Y no lo había, realmente, en los adentros de la pobre muchacha, tan mal comprendida por su padre en ese particular... y en algún otro, pues no debe olvidarse que el arrechucho gordo de don Alejandro Bermúdez Peleches nació de haberla visto, de súbito, vestida de mujer, con unos fulgores y unos centelleos y un poder incendiario que le metían miedo; y hay que dejar bien declarado, hasta por obra de justicia, que no había en la naturaleza física de Nieves el menor detalle que no estuviera en cabal armonía con el sosegado equilibrio y la honrada disciplina de su conciencia moral.
Efectivamente: ese equilibrio y ese sosiego y esa honrada disciplina, y no otras cosas más feas, acusaban el tranquilo y hondo mirar de sus rasgados ojos azules, su boca tan bien plegadita y tan fresca, la blancura nacarada de su tez, la riqueza sobria y elegante de los contornos de su busto, la finura de su talle y el aplomo reposado y la gallardía de su andar.
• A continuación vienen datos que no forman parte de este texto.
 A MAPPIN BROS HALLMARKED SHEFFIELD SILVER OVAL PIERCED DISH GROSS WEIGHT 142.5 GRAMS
No era alta ni daba en cara por hermosa; pero sí por interesante en sumo grado. La única nube que obscurecía a menudo la transparente claridad de su semblante, era un repentino fruncimiento de su lindo entrecejo; pero este detalle, como efecto mecánico de una extremada sinceridad de pensamientos y de impresiones, no daba a la expresión de su mirada el menor acento de dureza. Era sana como un coral, muy ingenua, sobre todo, y diligente y animosa. Pintaba un poco, tocaba regularmente el piano y leía con gusto los buenos libros de imaginación. No era una artista; pero sentía y saboreaba el arte a su manera.
¡Y el bendito de su padre, sin acertar a leer lo que estaba tan a la vista en aquel libro tan abierto!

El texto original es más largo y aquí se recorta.